For the perimeter of the pasture, use permanent, multi-strand, high-tensile electric systems.  The number of wires will vary according to the livestock you wish to contain.  Horses and mature cattle can quite often get by with three wires, while small calves, sheep and goats may take five or six.


The best posts to use in areas with snow loads and wildlife has been proven to be solid fiberglass. There are no plastic insulators to break, and the flexibility of the post helps to overcome side loads.


There are two common mistakes that people tend to make when trying high-tensile fencing for the first time:


Posts too close!


Wires too tight!


Post spacings of around 50 feet are adequate because of the nature of high-tensile wire.  The wires should be tightened just to the point of removing most of the sag between posts (around 150 to 200 lbs. per wire). This accomplishes two things.  First, this design is flexible, allowing the fence to absorb wildlife pressure and snow loads without breaking.  Second, less materials are needed so the initial purchase cost and the labor required to install the electric fence is less than conventional fencing.


Interior Cross-fencing

A mixture of high-tensile permanent and portable polywires and tapes often prove to be the best choices for cross fences.  Try to create paddocks by placing several permanent cross-fences on obvious topographical changes, not forgetting to include stockwater inside the paddock, or access down a lane to the water. If you are grazing irrigated pasture, ditches can also be your water source. Two wires are usually adequate for mature cattle and larger calves, while three wires are a better choice for horses or cattle with smaller calves.


Use portable polywires and polytapes on handy reels for your internal fencing.  There are many portable post types to choose from.  Plastic treadins with multiple wire lugs to be the most adaptable.  They can be placed on 30-50 foot spacings, and the wires tightened by hand.  On irrigated pasture with horses and mature cattle, one charged wire may be sufficient, but when on dry soils or winter-grazing on frozen soil or dry snow, you may need to use several wires, alternating the polarity between hot – ground – hot, etc. By carrying the ground out to the animal via a wire, you remove poor grounding as a source of problems.

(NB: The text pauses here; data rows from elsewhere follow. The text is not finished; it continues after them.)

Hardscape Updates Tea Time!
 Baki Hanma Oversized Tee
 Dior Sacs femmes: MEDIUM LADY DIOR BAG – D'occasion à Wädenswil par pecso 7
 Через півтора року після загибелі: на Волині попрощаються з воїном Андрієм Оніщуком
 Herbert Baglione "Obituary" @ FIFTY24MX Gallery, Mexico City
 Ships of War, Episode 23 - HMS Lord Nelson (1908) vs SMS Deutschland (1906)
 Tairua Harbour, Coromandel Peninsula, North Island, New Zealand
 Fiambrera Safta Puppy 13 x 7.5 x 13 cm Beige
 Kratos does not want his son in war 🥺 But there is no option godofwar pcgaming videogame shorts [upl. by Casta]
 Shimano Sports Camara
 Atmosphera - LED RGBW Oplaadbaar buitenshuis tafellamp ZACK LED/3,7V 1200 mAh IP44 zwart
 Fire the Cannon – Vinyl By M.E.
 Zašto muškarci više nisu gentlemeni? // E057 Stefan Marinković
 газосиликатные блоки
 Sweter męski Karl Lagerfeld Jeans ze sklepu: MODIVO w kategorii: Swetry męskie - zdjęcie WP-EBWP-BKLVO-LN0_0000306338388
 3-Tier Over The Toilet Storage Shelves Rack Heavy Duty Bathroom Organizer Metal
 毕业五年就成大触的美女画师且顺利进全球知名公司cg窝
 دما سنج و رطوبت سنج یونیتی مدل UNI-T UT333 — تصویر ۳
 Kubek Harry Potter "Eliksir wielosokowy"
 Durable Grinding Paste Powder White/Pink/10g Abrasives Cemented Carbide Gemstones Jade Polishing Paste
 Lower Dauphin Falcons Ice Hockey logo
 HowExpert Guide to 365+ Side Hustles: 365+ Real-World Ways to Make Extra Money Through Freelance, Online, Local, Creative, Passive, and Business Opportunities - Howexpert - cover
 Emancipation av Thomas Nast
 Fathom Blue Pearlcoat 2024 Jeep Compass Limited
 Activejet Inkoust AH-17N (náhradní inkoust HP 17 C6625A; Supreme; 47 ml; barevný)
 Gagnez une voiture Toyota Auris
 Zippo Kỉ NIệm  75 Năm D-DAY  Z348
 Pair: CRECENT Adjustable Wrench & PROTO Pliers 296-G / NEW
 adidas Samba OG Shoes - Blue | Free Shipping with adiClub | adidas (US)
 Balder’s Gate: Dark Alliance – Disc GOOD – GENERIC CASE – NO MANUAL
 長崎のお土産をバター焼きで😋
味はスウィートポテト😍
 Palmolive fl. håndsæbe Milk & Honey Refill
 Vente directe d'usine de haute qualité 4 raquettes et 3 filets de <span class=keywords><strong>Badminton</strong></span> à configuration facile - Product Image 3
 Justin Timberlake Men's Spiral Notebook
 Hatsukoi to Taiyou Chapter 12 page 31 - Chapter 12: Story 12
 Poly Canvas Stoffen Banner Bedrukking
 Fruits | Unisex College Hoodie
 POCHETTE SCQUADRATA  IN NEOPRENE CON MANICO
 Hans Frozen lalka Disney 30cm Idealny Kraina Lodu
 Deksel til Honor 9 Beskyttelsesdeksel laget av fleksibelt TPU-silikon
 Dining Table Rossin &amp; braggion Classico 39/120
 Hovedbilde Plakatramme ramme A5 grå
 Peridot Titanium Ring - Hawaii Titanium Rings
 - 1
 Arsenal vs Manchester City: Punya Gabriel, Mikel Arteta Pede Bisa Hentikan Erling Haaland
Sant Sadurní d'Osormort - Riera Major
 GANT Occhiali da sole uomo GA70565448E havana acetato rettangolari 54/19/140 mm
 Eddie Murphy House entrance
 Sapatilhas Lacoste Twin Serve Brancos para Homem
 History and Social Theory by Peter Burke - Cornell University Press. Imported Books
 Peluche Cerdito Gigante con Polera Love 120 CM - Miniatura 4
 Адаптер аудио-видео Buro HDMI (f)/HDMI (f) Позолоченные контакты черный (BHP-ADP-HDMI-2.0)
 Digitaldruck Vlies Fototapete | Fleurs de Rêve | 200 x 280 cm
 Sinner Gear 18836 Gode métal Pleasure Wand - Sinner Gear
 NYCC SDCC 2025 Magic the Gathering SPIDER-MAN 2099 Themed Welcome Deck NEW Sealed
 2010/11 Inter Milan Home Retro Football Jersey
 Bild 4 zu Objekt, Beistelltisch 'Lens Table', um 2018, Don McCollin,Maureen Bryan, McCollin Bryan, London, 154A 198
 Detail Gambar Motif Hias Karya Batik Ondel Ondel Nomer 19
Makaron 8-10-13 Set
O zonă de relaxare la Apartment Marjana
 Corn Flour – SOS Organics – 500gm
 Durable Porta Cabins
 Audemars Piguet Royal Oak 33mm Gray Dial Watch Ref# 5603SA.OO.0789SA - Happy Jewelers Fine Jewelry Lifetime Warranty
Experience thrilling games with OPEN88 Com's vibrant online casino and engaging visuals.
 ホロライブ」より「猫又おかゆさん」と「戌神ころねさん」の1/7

Try not to graze and rest each paddock the same number of days regardless of the growth stage of the forage.  Aim for the shortest grazing period per paddock needed to harvest the available forage, say one to four days, then a minimum 30 day rest period during fast plant growth.  As plant growth slows, then adjust to five to ten days grazing and 60 to 80 days of rest per paddock.  You can see why multiple paddocks are needed to reach these levels of rest, but by subdividing with portable electric fencing, it becomes achievable.


There are also a few things to consider that really help in maintenance and troubleshooting.  The first is how the fences are energized.  The heart of any electric fence system is the power source, or energizer.  A 110-volt plug-in energizer versus a battery or solar unit is generally the best choice.   More of your dollars can go to power and not batteries, solar panels, etc.


A battery unit is a great choice if you don’t have 110-volt power available.  Also, get specific recommendations as to the size of the energizer by matching it to the job at hand: How long is the perimeter fence? What type of animal are you controlling? Does the fence run through high vegetation? Will you add on to the system eventually? All these questions will help your supplier match an energizer to your needs.


Lastly, consider investing in a digital voltmeter designed to monitor your fences and energizer. They are handheld meters that measure the voltage output of the energizer, or at any point along the fenceline. They are invaluable in diagnosing any problems that may crop up.


I hope this gives you a bit of familiarity with what equipment and techniques are available to help in establishing your grazing plan.  There is definitely a bit of work and a learning curve involved, but seeing your critters hock-deep in lush grass while your neighbors are forking hay (and forking out dollars, too!) can be priceless!